The LWT collar, which is inserted into the drillstring on the last bit trip or on the planned reamer run, does not require any change in drilling plans or extra rig time to change to a specialized bottomhole assembly (BHA). LWT tools are deployed (pumped down) at the well total depth (TD) stage and log untethered during the normal pipe trip-out. Virtually no additional rig time is needed.

During the operation the logging tools reside at all times inside the drillpipe and can be fished, eliminating the risk of damaging or losing the tools and radioactive sources in the hole. While deploying the tools and measuring, the operator has full well control.

Unlike MWD and LWD tools, LWT tools are not a permanent part of the BHA but instead are deployed and retrieved from the drillstring only when log data are required. Operators get the benefit of significant cost savings in openhole data acquisition because

  • There is virtually no additional rig time to acquire logs;
  • Lost-in-hole charges are 10 times to 30 times lower than wireline or LWD; and
  • There is no risk of tool sticking.

The LWT collars are positioned as close to TD as possible. After reaching TD with the LWT collars in the BHA, the tools are deployed in the drillpipe and pumped down. Once landed, the rig pumps a mud pill, if required, and trips out at logging speed.
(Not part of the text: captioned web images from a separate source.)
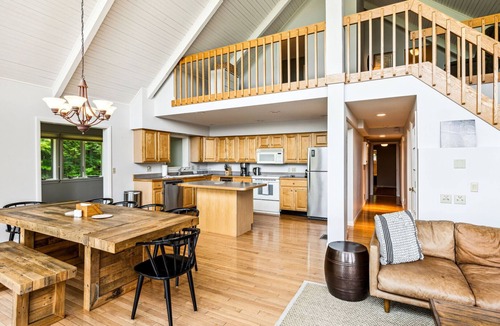Quechee House | Luxe Mountainside Home with Panoramic Valley Views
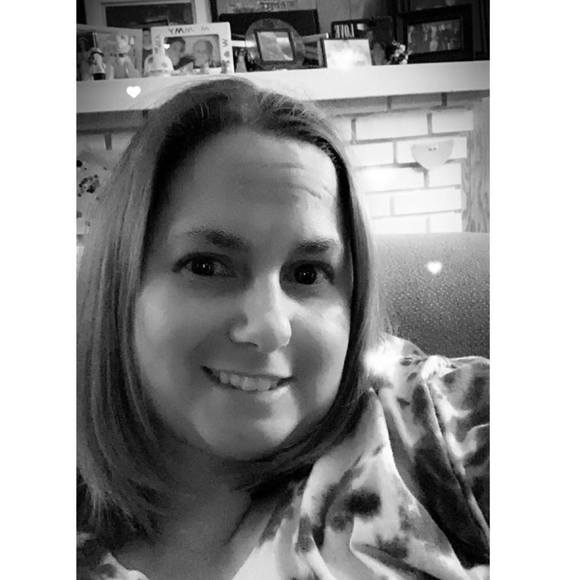 Profile Picture of Kelly Laskowsky (@lasky22) on Poshmark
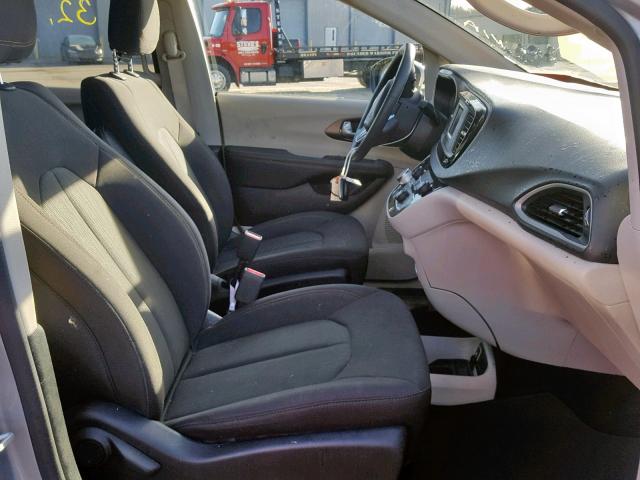 2C4RC1CG2HR638099 - 2017 CHRYSLER PACIFICA L SILVER photo 5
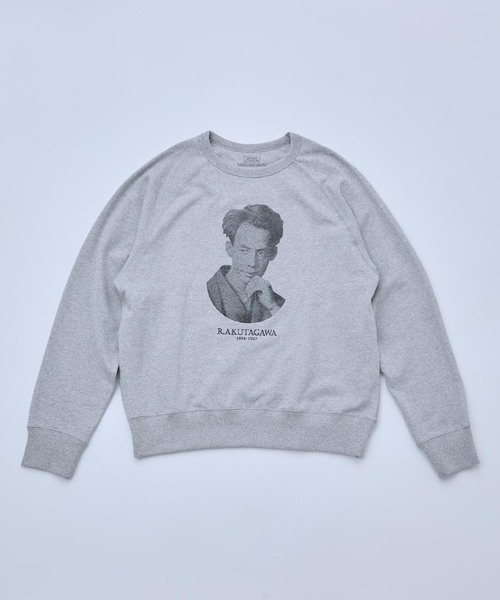 B.C STOCK(ベーセーストック)の「文豪フォト クルーネックスウェット(スウェット・メンズ・グレー/ホワイト系その他/チャコールグレー・MEDIUM/LARGE)」の3枚目の写真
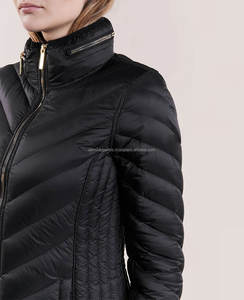 Nouveau design du fabricant Veste matelassée d'hiver pour femmes Casual Sustainable Woven Knitted Polyester Hooded Zipper Printed XL - Product Image 4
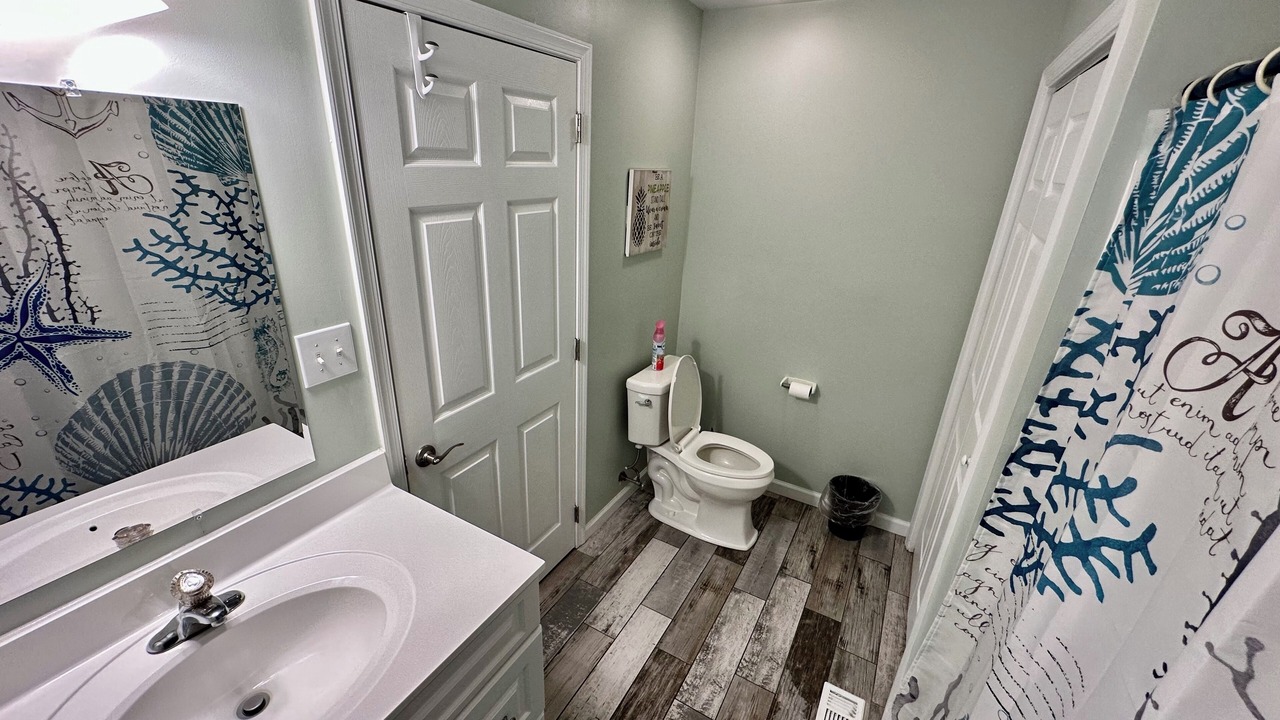 Photo of Bathroom in Cape May - Wildwood
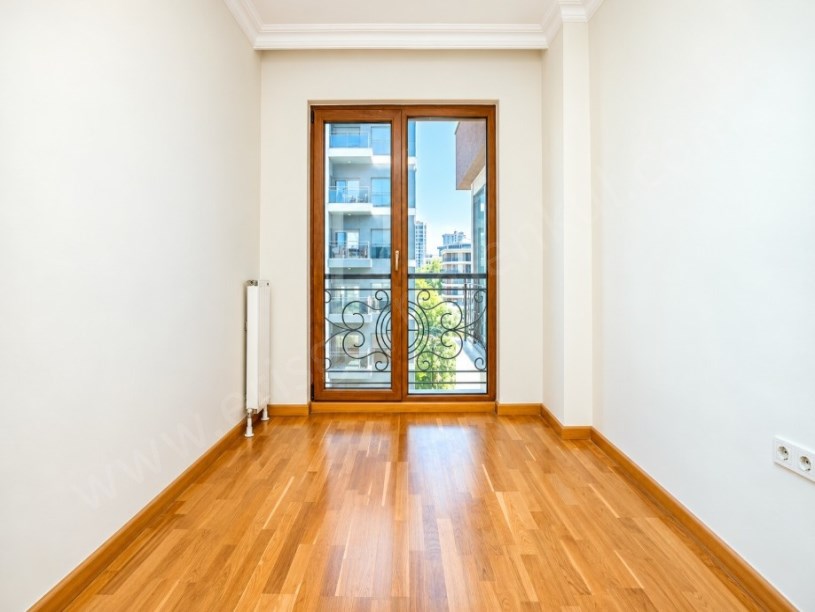 ERENKÖY MERKEZİ KONUMDA  6.KAT 3+1   BAĞDAT CADDESİNE YAKIN MARMARAY 1 DK , CADDE 5 DK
The rig can circulate, rotate or reciprocate pipe with the tools landed in the collar. LWT tools have achieved greater than 98.5% uptime to date, and no tools have been lost in hole.


Reduction of risk, rig time savings, depth and well-towell correlation, and acquisition of formation evaluation data in poor hole conditions are potential benefits in any onshore or offshore well. In unconventional wells, the primary application is enhancing production through engineered completion designs. The traditional approach to perforating placement in horizontal wells with geometrically spaced perforating clusters and stages does not take into account toe-to-heel heterogeneity and often results in a number of perforation clusters that do not contribute to well performance. Production logging data have shown that as much as 40% of perforations might not adequately accept treating fluid, resulting in nonoptimized stimulation of the targeted reservoir.

LWT data are used to optimize completions by precisely positioning stages and perforation clusters along the wellbore that target rock with similar geomechanical and producibility properties. A proprietary ZoneGrader program integrates and analyzes LWT formation evaluation and drilling data (weight on bit, rpm, ROP, torque, MWD/gamma ray and mud logging data). This unique answer product grades the formation along the wellbore based on geomechanical and producibility formation characteristics. Geomechanical rock properties include stress, brittleness and lithology. Producibility properties include lithology, total organic carbon, porosity, permeability and saturation. With the wellbore graded by geomechanical and producibility properties, the number and position of stages can be determined and perforation clusters precisely placed.

After selecting the ideal stage spacing and perforation cluster placement, the shaped charge and gun system design can be optimized to ensure higher payback hydraulic fracturing operations. By using the advanced shaped charge designs and perforating rock with similar properties within the stage, more even proppant distribution can be achieved across all perforation clusters, which leads to enhanced production. In addition, formation breakdown can be improved and the chance of screenout decreased by placing perforations in consistent rock.

The benefits of an engineered completion design based on LWT data can be validated after flowback by deploying a special cable into the well with fiber-optic monitoring sensors. This approach is being used to record distributed temperature (DTS) and acoustic (DAS) surveys to detect and monitor the contribution of each perforation cluster. Unlike traditional production logs, the entire wellbore can be simultaneously surveyed in real time, and the results of the DTS and DAS profiles are used to optimize future stimulation programs and to consider the potential benefits of refracturing programs.